# I'd almost do this service for free.



## user4818 (Jan 15, 2009)

You're a funny man Marc. :laughing:

How much of a drop off is there from the meters to the creek bed? Hard to tell from the video. Also, wouldn't your poco make you relocate them if you did an upgrade? I can say with absolutely certainty that my poco would.


----------



## MDShunk (Jan 7, 2007)

Peter D said:


> You're a funny man Marc. :laughing:
> 
> How much of a drop off is there from the meters to the creek bed? Hard to tell from the video. Also, wouldn't your poco make you relocate them if you did an upgrade? I can say with absolutely certainty that my poco would.


Yeah, the green growth on all the trees and weeds makes it difficult to appreciate. A winter video would be better. I'd say those meter cans are a good 18-20 feet off the ground.


----------



## user4818 (Jan 15, 2009)

So I'm still really curious - would your poco let you put those meters back in the same spot?


----------



## MDShunk (Jan 7, 2007)

Peter D said:


> So I'm still really curious - would your poco let you put those meters back in the same spot?


Beats me. There's not too many choices on this building. It's weird enough that I'd request a PoCo engineer to visit if I got the work some day.


----------



## user4818 (Jan 15, 2009)

MDShunk said:


> It's weird enough that I'd request a PoCo engineer to visit if I got the work some day.


10-4. It's only because of the extremely odd location that I would even consider having a poco person come out and look if I was ever faced with something like that. It's definitely not SOP.


----------



## MDShunk (Jan 7, 2007)

Peter D said:


> 10-4. It's only because of the extremely odd location that I would even consider having a poco person come out and look if I was ever faced with something like that. It's definitely not SOP.


You do not want to be faced with having built a new service, got inspection passed, only to have the lineman say, "We can't feed that... blah, blah, blah". If it's not going to follow one of the textbook examples in their rules book, you really need to have their engineer bless your plan ahead of time. The linemen only know the pictures in their book.


----------



## user4818 (Jan 15, 2009)

MDShunk said:


> You do not want to be faced with having built a new service, got inspection passed, only to have the lineman say, "We can't feed that... blah, blah, blah". If it's not going to follow one of the textbook examples in their rules book, you really need to have their engineer bless your plan ahead of time.

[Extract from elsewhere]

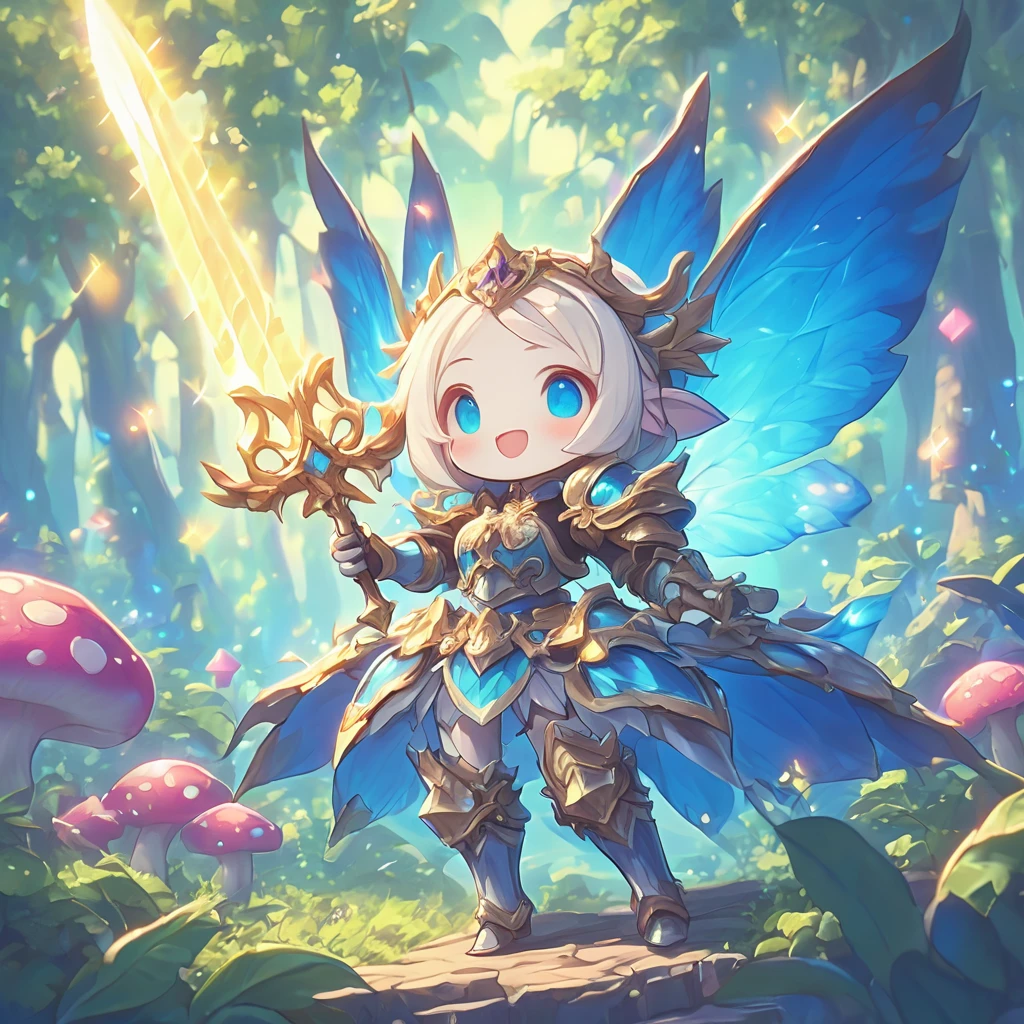 a super cute female chibi knight fairy, beautiful fairy wings, colorful, wearing armor, wielding a glowing sword, magical forest in background, mushrooms, HD, masterpiece, best quality, hyper detailed, ultra detailed, super realistic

The linemen only know the pictures in their book.


Right. That's exactly what I'm thinking of.


----------



## Magnettica (Jan 23, 2007)

That sure is a weird one. 

Hey MD, I have found that when I hold the iPhone horizontally my videos come out more enjoyable. The home button should be on the left for the video to not come out upside down.


----------



## Magnettica (Jan 23, 2007)

Like this: YouTube video done with iPhone 4 in landscape mode


----------



## MDShunk (Jan 7, 2007)

Magnettica said:


> Like this: YouTube video done with iPhone 4 in landscape mode


Link didn't work. All I got was a bunch of screeching men and screeching guitars.


----------



## Magnettica (Jan 23, 2007)

MDShunk said:


> Link didn't work. All I got was a bunch of screeching men and screeching guitars.


Yup :laughing:

Here's another:  fluorescent lighting for a home office


----------



## MDShunk (Jan 7, 2007)

Magnettica said:


> Yup :laughing:
> 
> Here's another:  fluorescent lighting for a home office


That link worked great, but the narrator talks funny. :laughing:


----------